[Monotone-devel] [RFC] versioned policy -- bootstrapping

monotone-devel

[Date Prev][Date Next][Thread Prev][Thread Next][Date Index][Thread Index]

[Monotone-devel] [RFC] versioned policy -- bootstrapping

From:	Nathaniel Smith
Subject:	[Monotone-devel] [RFC] versioned policy -- bootstrapping
Date:	Sun, 10 Sep 2006 02:46:10 -0700
User-agent:	Mutt/1.5.13 (2006-08-11)

(For archive readers: this should be read after
  http://article.gmane.org/gmane.comp.version-control.monotone.devel/8169
)

The policy branch framework has a chicken-and-egg problem; we want the
trust rules in effect at any given time to be something like "those
written in the head of the policy branch"; but it's those very trust
rules that are supposed to let us determine what counts as a head.

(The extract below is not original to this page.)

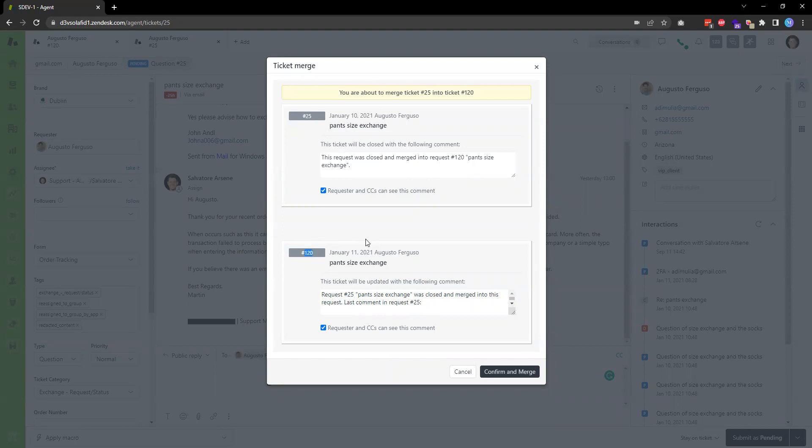Now I have the option to let the customer know that I closed their older ticket and merged it into a newer one. Or if I don't want the user to know about this merging, I can unselect this checkbox.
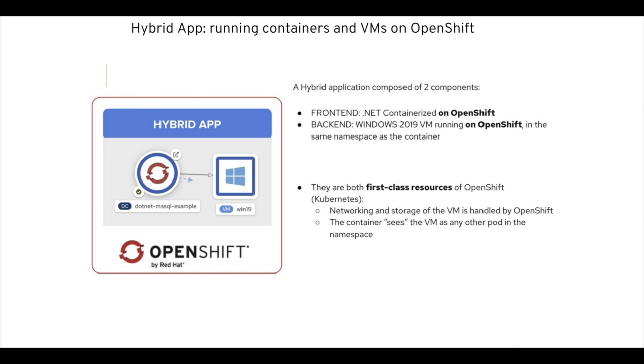That means that the VM is being seen as a first-class resource of OpenShift and it's been using the networking and storage that is offered by default with OpenShift.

So we need some sort of special mechanism to get from a trust seed to
the current trust tree.  Furthermore, the details of this mechanism
matter a lot.  The wrong rules would make it possible for someone to
hijack a project, or make it impossible to fully revoke someone's
access -- neither is acceptable.  So there's some finicky technical
work to do here.  I'll warn up front that I don't have solutions to
all the problems.  But hopefully this will help bring everyone up to
speed so y'all can scratch your heads along with me :-).

The problem
-----------

The most important case to handle is an antagonistic fork.
Essentially, if a project has two admins with equal rights, it must
not be possible for either admin to unilaterally kick out the other
one, without recourse.  There's only one set of behavior I know of
that accomplish these apparently contradictory goals, so I guess it's
the desired one: one group of admins can kick out another group.  Once
this has happened, that other group cannot re-instate themselves.
But, what they _can_ do, is retaliate by dragging the project to a
halt, until individual users decide which side of the fork to follow.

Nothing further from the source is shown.